Cherished oral traditions speak of great pilots like Maui, the fisher of lands, and Rata, an expert canoe-builder. Maui snared the sun, fished up islands, and obtained fire, a symbol of the human struggle to harness the forces of nature. Rata, the canoe-builder, perhaps himself a voyager, figures in traditions that may be at least 3,000 years old.

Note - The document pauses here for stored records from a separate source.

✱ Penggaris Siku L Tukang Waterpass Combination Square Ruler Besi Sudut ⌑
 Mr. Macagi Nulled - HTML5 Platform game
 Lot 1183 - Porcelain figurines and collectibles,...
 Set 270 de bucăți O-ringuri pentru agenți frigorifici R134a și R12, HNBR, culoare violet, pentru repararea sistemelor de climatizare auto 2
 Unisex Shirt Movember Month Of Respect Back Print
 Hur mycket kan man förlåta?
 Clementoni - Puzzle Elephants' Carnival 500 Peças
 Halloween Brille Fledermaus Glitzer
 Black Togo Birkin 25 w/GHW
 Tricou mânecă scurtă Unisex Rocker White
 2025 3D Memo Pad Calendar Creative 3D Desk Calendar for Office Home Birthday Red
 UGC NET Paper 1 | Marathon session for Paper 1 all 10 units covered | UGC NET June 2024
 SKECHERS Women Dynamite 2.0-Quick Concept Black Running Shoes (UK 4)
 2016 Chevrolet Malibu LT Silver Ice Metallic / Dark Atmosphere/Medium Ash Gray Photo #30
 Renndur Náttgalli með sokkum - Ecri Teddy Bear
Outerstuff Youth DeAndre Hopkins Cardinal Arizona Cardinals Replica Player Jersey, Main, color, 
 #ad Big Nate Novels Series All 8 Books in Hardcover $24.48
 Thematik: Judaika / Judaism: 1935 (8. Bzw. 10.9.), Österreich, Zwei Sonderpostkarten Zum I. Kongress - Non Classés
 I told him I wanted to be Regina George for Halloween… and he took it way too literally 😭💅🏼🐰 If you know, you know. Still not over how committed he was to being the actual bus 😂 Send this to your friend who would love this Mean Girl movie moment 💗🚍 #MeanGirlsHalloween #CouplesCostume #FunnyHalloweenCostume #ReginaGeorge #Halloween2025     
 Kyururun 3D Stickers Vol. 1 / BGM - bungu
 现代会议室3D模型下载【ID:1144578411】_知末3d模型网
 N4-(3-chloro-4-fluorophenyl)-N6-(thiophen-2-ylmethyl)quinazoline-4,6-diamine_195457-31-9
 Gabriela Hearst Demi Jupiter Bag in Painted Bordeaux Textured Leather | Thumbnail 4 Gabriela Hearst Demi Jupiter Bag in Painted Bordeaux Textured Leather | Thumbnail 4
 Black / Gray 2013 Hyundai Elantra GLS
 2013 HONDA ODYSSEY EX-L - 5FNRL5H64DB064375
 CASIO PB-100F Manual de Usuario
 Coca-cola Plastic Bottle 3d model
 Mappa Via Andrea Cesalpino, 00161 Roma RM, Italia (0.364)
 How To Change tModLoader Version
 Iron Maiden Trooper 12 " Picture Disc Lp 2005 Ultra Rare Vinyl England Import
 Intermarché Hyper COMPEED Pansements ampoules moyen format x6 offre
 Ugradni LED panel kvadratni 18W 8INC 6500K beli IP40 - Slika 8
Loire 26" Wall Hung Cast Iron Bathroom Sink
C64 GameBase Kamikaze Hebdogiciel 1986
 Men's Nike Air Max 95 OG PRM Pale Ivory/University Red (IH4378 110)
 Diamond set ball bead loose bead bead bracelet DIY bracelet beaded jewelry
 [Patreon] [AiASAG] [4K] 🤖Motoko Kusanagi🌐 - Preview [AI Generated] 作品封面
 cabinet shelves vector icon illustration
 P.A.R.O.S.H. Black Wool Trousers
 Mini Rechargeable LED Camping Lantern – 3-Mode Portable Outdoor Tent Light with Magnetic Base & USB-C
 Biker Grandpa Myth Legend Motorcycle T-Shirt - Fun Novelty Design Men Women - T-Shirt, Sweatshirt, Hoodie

The navigational lore of these and other pilots passed down the generations in the hands of navigators who learned their skills through years of apprenticeship. What prompted such deliberate voyages? Were they quests for religious enlightenment, for the realm of the ancestors, or simply a reflection of those most human of all qualities, curiosity and restlessness? We do not know. Whatever the motivation, to sail eastward towards sunrise into unknown waters was a hazardous enterprise, given the prevailing northeasterly trades.
Cycladic mariners
Much of the Polynesian story is familiar, that of Aegean seafaring less well known. The Aegean is an island-crowded sea, compact and challenging to traverse because of the strong winds and short, steep waves that can assault you from several directions at once. Unpredictable Aegean waters with their prolonged calms were, above all, a paddler’s and oarsman’s world, and it was human power that propelled warships and large merchant vessels for much of the time in later millennia. We can be almost certain that the first crossings from mainland to island were in small dugouts, in vessels commonly used in sheltered water, paddled offshore on calm days and moonlit nights when safe passages for 24km to 32km (15 to 20 miles) were feasible – provided one could reach shelter before the wind came up.